Explores the research projects funded by the US National Science Foundation since circa 2007, as available from nsf.gov.

OHSUMED

This project contains medical article abstracts from the OHSUMED collection. The data set is rather small, but historically relevant in information retrieval.

PubMed

This project allows you to index the "open access" subset of the PubMed Central database of medical paper abstracts.

PubMed data is large. This project makes use of various techniques allowing handling large document collections, for example document sampling to speed up feature indexing.
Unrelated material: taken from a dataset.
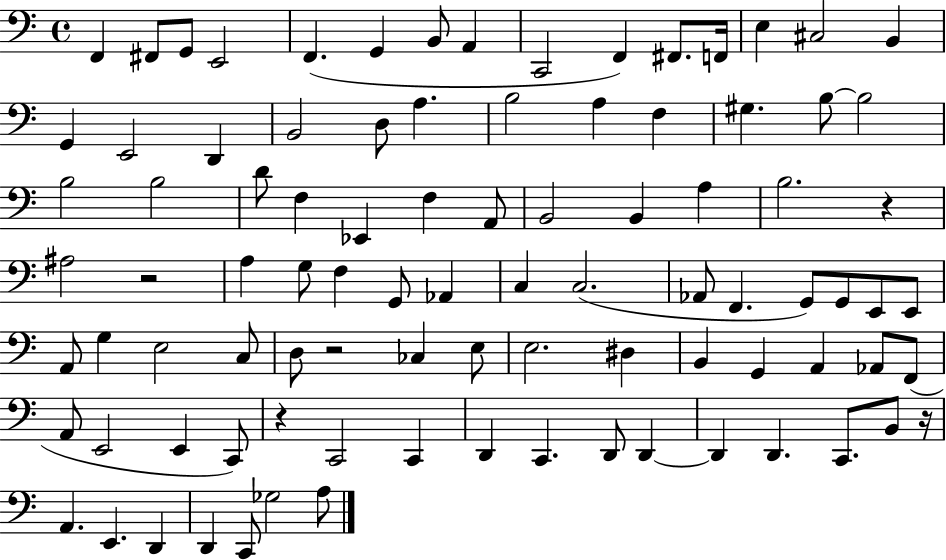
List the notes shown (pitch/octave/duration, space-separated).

Data requires manual download

Due to the large size of the data set, Lingo4G does not download it automatically by default. Please see datasets/dataset-pubmed/​R​E​A​D​M​E.txt for detailed instructions.

stack exchange

Explores the content of the selected categories of StackExchange Q/A site.
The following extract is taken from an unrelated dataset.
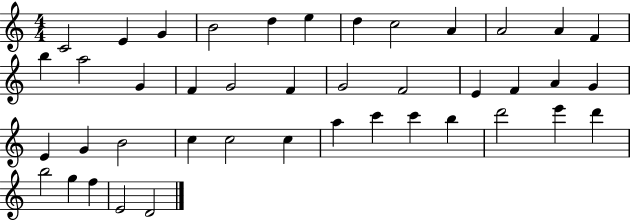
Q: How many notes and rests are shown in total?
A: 42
By default, the project uses the superuser.com data. You can pass the -​Dstackexchange.site=<site> property to choose a different StackExchange category to process. Depending on your interests, try one or more of the following:

You can also see the full list of available sites in XML format (where Tiny​Name attribute of each record would be the value passed to stackexchange.site property) or a more human-friendly list of archived site dumps, noting that the document source automatically truncates stackexchange.com.7z suffix (to fetch outdoors.stackexchange.com.7z you should pass -​Dstackexchange.site=outdoors).

US patents

Provides access to patent grants and applications available from the US Patent and Trademark Office. Lingo4G supports parsing files from the "Patent Grant Full Text Data (No Images)" and "Patent Application Full Text Data (No Images)" sections.

This project makes use of document sampling to speed up indexing. Additionally, it sets the max​Phrases​Per​Field parameter to use only the top 160 most frequent labels per each patent field, which limits the index size and speeds up analysis with a negligible loss of results accuracy.

Data requires manual download

Due to the large size of the original data set, Lingo4G does not download it automatically by default. Please see datasets/dataset-uspto/​R​E​A​D​M​E.txt for detailed instructions on how to download the data manually.

Wikipedia

Downloads and indexes Wikipedia data dumps.

This project makes use of document sampling to speed up indexing.

Data requires manual download

Due to the large size of Wikipedia data dumps, Lingo4G does not download it automatically by default. Please see datasets/dataset-wikipedia/​R​E​A​D​M​E.txt for detailed instructions.